■ REQUIRED WORK
Starting at the line below with "Enlarge image Cover: Incidental" and stopping at the line with "Gasket - Oil Cooler Outlet 23506522", please print each line exactly, those two included, and skip every picture.

[[ RECORDS SHOWN open ]]

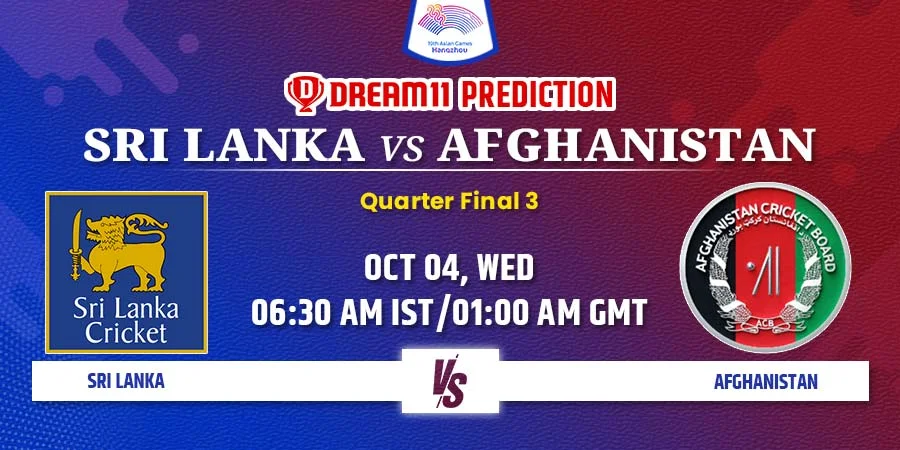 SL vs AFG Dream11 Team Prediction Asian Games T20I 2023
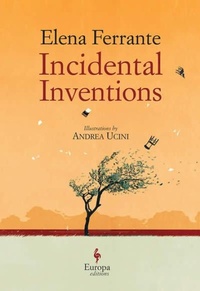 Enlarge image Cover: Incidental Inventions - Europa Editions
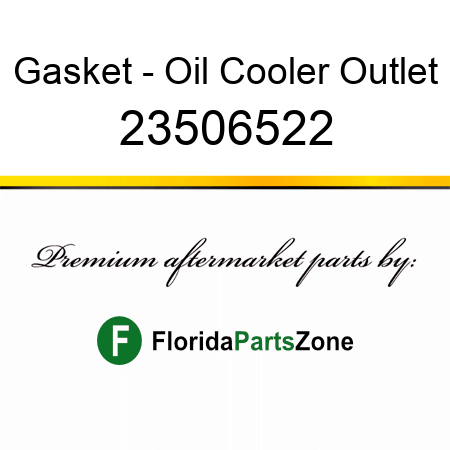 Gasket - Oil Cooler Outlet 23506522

[[ RECORDS SHOWN closed ]]
[[ RECORDS SHOWN open ]]

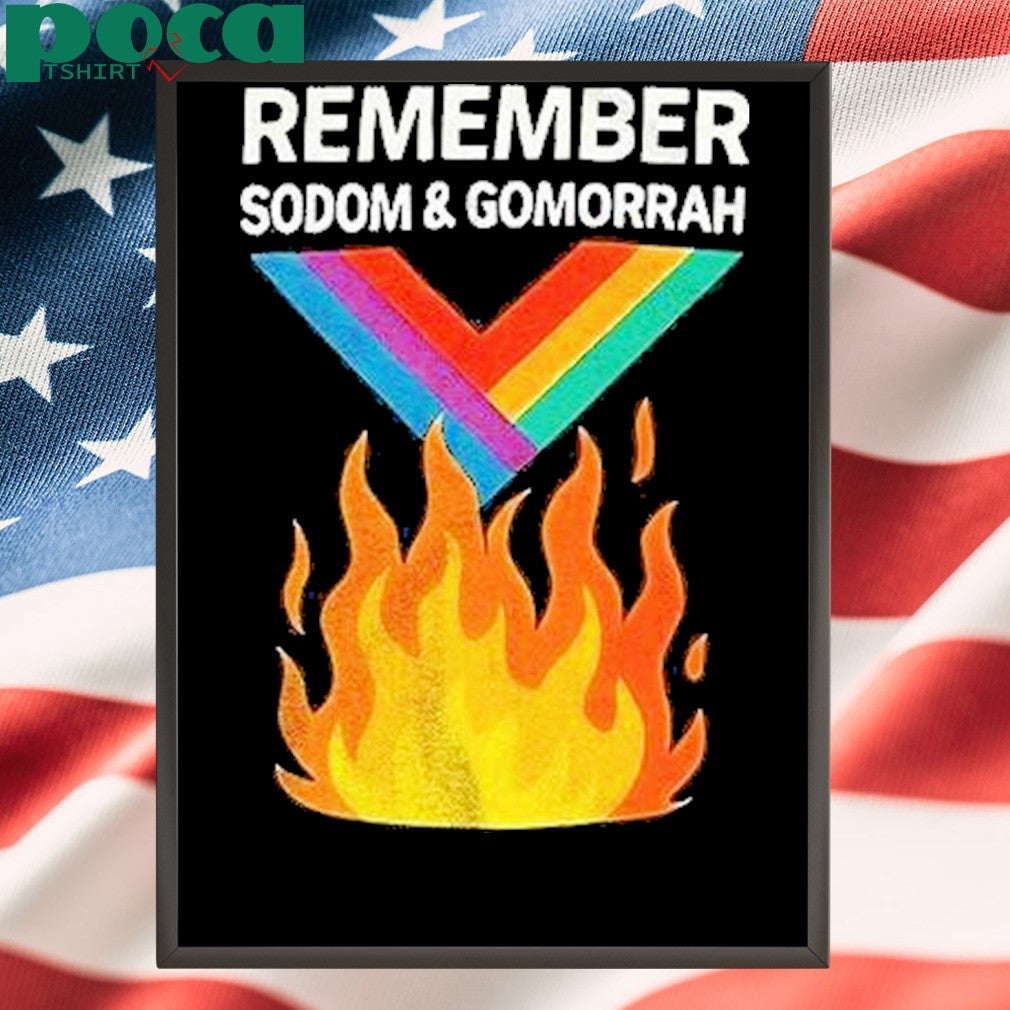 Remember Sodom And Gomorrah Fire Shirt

[[ RECORDS SHOWN closed ]]

■ TASK RESPONSE
 Enlarge image Cover: Incidental Inventions - Europa Editions
 Gasket - Oil Cooler Outlet 23506522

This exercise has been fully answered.